A maré avançava, rastejando em silêncio, lançando longos e impacientes braços de estranhos regatozinhos que corriam para terra entre montículos de areia. Devido à noite, as poças cresciam com uma rapidez misteriosa, enquanto o grande mar, ainda longe, trovejava num ritmo regular, ao longo da linha indistinta do horizonte. Suzanne recuou alguns passos, mas já sem ser capaz de se livrar da água que murmurava ternamente à sua volta e que bruscamente, com um gorgolão rancoroso, quase a fez perder pé. O coração bateu-lhe de medo. Este lugar era demasiado grande e demasiado vazio para morrer. Amanhã eles fariam dela o que quisessem. Mas antes de morrer havia de lhes dizer — aos senhores vestidos de preto — que há coisas que uma mulher não pode suportar! Explicar-lhes-ia como foi que aquilo aconteceu... Patinhou através duma poça e molhou-se até à cintura mas estava demasiado absorta para se importar... Tinha que lhes explicar:
— Ele chegou-se para mim da mesma maneira de sempre e disse assim: — «Julgas que vou deixar as terras àquela gente de Morbihan que nem sequer conheço? »

(…)
De olhos secos, a senhora Levaille estava sentada na erva rala do lado da colina, com as grossas pernas estendidas e os pés calçados com escarpins de lã preta apontando para cima. Os tamancos estavam ao lado, mais longe, o guarda-chuva jazia abandonado como uma arma que um guerreiro vencido tivesse largado da mão. O marquês de Chavannes, a cavalo, de mão enluvada apoiada na coxa, seguiu-lhe os movimentos quando ela se ergueu penosamente a gemer. Pelo carreiro estreito que as carroças das algas tinham aberto, quatro homens traziam para terra o corpo de Suzanne num carro de mão, e outros iam ficando para trás.

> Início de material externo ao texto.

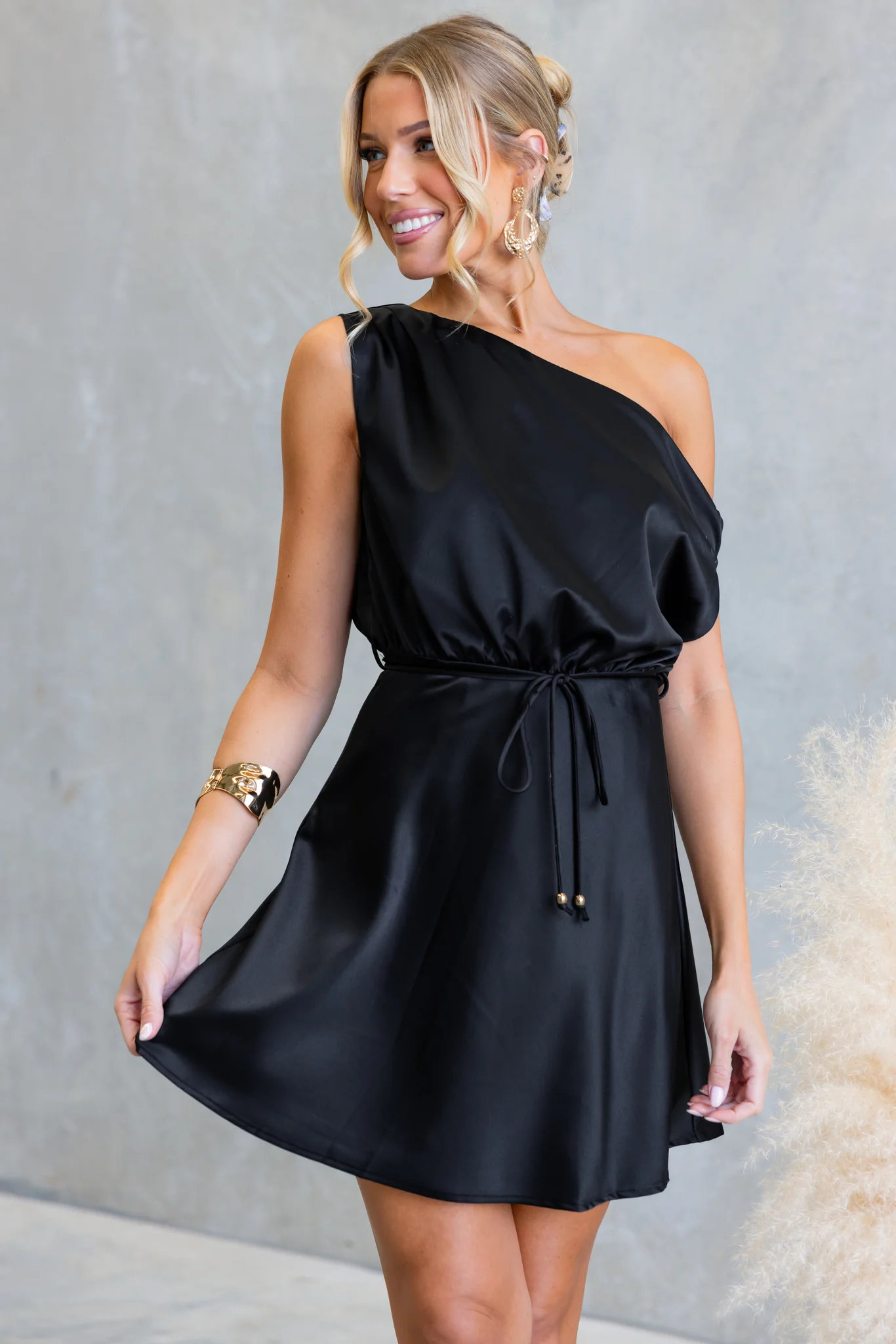 Issey Dress - Image 4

A senhora Levaille olhava para a procissão.
— Sim, senhor marquês — disse, calma, no seu tom de voz habitual, de mulher velha e sensata — há pessoas com má sorte neste mundo. Eu tinha só uma filha. Só uma! E eles não querem enterrá-la em terra sagrada!
Os olhos encheram-se-lhe de lágrimas, que lhe correram pelas faces abaixo. Envolveu-se mais no xaile. O marquês curvou-se ligeiramente na sela e disse:
— É uma tristeza. Você tem toda a minha compreensão.
Eu vou falar com o padre. Ela perdeu o juízo, com toda a certeza, e a queda foi acidental. É o que afirma claramente Millot. Bom dia, minha senhora.
E afastou-se a trote, enquanto pensava: — «Tenho que conseguir que esta pobre mulher fique tutora dos idiotas e a administrar a quinta. É melhor isso do que aparecer aí outro Bacadou, se calhar um republicano vermelho, a corromper-me a comuna».